Since each plank has a different shape and curvature, the best method of finding the shape of each plank is by "spiling." Prior to spiling, plank widths are selected and tentatively laid off on the frames. (Generally the sheer strake is made wide enough to take care of the deck line and the balance vary from 1/2" to 3/4".) Fit a piece of planking to the boat across the frames and as nearly parallel to the W.L. as possible. When properly sighted, clamp the batten in place.
Number and mark the centerline position of each frame on the plank. Set a pair of dividers with their points apart and parallel to the frame centerline at a distance greater than the space between the edge of the spiling batten and the shape to be obtained (sheer strake) and prick off spots from the sheer line on each station. (See Fig. 3A).
Remove the plank from the boat and set the references and measurements just taken on the plank from which the sheer strake is to be made. (See Fig. 3B). Draw a line through the spots to get the shape of the upper edge of the sheer strake. The stem end shape of the plank can be obtained by offering it to the rabbet while the stern end can be cut flush to the after edge of the inner transom. The rabbet can be cut using a piece of planking to measure its depth. Bevel the keel at each station, first, and then remove the waste wood in the areas between, afterward dressing the surface between the rabbet line and the keel centerline. (See the stem head on the half breadth plan.)
To obtain the bottom edge, take the dividers and measure on each station to spots set out for the top of the next plank. The line is again run in using a batten. The plank is finished to the lines. A duplicate strake is made for the other side of the boat and fitted. When final fitting has been satisfied, the strakes can be glued in place, fastening to the stem and inner transom with two No. 0 x 3/8" F.H. countersink brass screws and with toothpicks or brads at the frames. For the second set of planks, the spiling plank is again brought into use; proceed exactly as before except that the measuring point is the lower edge of the sheer strake instead of a row of spots. The lower edge of the plank is obtained in the same manner as for the sheer plank. Cut the planks just outside the marked lines, fit them to the boat, to the lower edge of the sheer strake and extend the rabbet. When satisfactorily fitted, glue, pin and screw in position in the same manner as the sheer plank except that the edges are also glued to the sheer strake. When planking is complete the keel is beveled to the centerline.
The lift sections of the keel are shaped using templates of stations 3-5 (See Fig. 1B). Start by removing the corners of the lifts at the stations and fairing in between until all the waste is removed. When contours are satisfied, sand to a smooth finish fairing into the planked section of the hull.
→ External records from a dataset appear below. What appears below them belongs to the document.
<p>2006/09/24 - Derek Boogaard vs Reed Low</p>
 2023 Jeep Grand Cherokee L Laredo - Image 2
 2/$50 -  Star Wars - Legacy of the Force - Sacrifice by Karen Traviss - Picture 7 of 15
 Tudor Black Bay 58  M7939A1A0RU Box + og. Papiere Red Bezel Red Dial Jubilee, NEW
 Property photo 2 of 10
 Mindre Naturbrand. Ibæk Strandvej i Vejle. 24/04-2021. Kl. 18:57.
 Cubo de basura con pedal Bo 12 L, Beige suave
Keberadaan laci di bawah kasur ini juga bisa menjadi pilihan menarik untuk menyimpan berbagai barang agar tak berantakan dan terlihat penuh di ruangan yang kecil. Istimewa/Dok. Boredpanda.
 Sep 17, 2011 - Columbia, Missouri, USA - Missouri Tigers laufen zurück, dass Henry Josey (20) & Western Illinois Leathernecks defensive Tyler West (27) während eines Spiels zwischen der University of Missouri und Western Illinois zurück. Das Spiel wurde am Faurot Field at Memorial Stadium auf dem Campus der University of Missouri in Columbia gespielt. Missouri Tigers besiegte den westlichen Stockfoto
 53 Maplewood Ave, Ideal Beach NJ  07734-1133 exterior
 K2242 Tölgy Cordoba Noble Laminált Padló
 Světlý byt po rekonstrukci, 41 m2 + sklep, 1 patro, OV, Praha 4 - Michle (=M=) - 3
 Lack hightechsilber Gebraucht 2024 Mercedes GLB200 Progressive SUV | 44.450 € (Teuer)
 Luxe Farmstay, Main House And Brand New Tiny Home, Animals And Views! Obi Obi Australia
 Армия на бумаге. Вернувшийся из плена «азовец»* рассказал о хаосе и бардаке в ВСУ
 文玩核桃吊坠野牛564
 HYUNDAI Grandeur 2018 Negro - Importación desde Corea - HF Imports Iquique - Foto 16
The fin is made, fitted and glued to the backbone. Next, the rudders may be cut out, the leading edges shaped and fitted with rudder posts. (There must be no movement between the posts and rudder.) Make, fit and glue the outer transom to the fashion piece.
Set the hull aside and make a cradle as shown in Fig. 4.
Remove the hull from the building board; set in the cradle and cut off the stem nose block and frame lips to conform to the sheer line and deck curvature.
The keel is formed from 15 lb. of lead poured into a greased (Vaseline) plaster mold fitted with the keel bolts. The split mold (be sure to allow for a right and left mold) is made as shown in Fig. 5; filled with molding plaster and "formed" using the prefinished and waxed ballast pattern removed from the hull. Note that the mold is split at the centerline of the ballast and this line is used as the plaster leveling line. Bake the plaster molds at 375° for three hours. Assemble with tape, set the keel bolts and pour in molten lead-leveled off at W.L.-4. Cut off excess bolts at bottom of keel, smooth out any irregularities, fill voids with auto body filler and "true" up the top edge (W.L.-4) to insure proper fit with the hull via the brass plate.
Shape, fit and fasten the brass plate to the hull. Assemble the ballast to the hull installing the handle, washers and wing nuts accordingly. Make, fit and install the forward rudder post guide.
Figs. 6 & 7 and the hull drawings indicate the sizes, shapes and positions of the various components making up the control system. A Digit-Migit system is used as the action is positive and reliable. Further, it can be readily expanded to encompass sail control units if desired. Make, fit and install the control system in whatever sequence you desire, but naturally, the system must have freedom of movement. When adjustment and operation is satisfactory, remove the RC gear. (A change in the RC gear is the use of NiCads, wired and taped together and the installation of a charging plug.)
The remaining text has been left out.